According to some pre-poll surveys and going by the recent local body elections, the ruling Left Front led by the CPI(M) has the edge in the 140-seat assembly election and is expected to get close to 80 (LDF is sitting on 91 seats) seats. But the electoral strength of various parties and the demography of the three dominant communities means that a minor shift in voting pattern by either of these communities and the dominant Hindu castes would trigger a shift in power. Following is an explainer of how electoral behaviour could be in the polling scheduled for April 6. Kerala has never re-elected an incumbent government. What are the major factors in this elections and what is different?
What is significant about the demography of Kerala?
Kerala, with its enviable total literacy rate and a stable population of around 33 million, has only 55% Hindus. Muslims form 26% and Christians 19%, making them strong minorities if they stand together, as they have been doing in the UDF. These numbers have been stable since the population reached replacement or below replacement levels so there is no truth at all in the RSS/BJP campaign that Muslims will be a majority in Kerala soon. Here, Muslims and Christians are highly affluent and politically organized too, making electoral alliances the most crucial element in winning Kerala. The leading contenders, CPI(M) and the Congress, together only garner about 55% of the total votes.
Why is the Congress-led UDF seen to be in a disadvantageous position despite the anti-incumbency history of Kerala?
The UDF is a combination of Congress, the Indian Union Muslim League (IUML) and the Kerala Congress (M) group. This dominant group of the Kerala Congress deserted the UDF and joined the LDF and helped the CPI(M) win crucial seats in Christian-dominated Central Kerala in the recent local body elections. This has left the UDF, which normally got Christian votes, bereft of crucial support in central Kerala. The UDF has come to be seen as a combine of the minorities and so the Hindus find the LDF the best way to stop the continuing rise of Christians and Muslim parties.

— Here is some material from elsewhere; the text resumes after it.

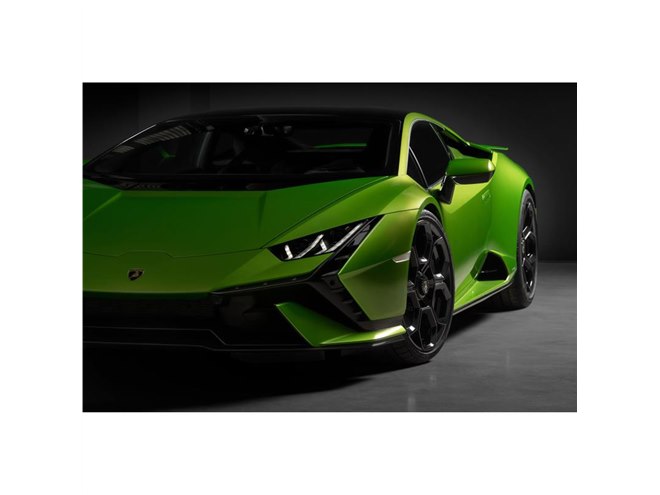 ランボルギーニ・ウラカン テクニカ」デビュー 新しいエクステリアで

Also the upper caste Nair community, who are natural allies of the BJP, will prefer to vote the Left to see out the Muslim League. The Muslim League also has the chance to become the leading partner in the UDF with only four seats separating it from the Congress (18/22) in the 140-seat assembly. The Hindus see this as another danger signal and to stop this they see the LDF as the best and sure option rather than waste votes on the BJP, which has more noise than support in Kerala.
What are the factors in favour of Pinarayi Vijayan and the LDF?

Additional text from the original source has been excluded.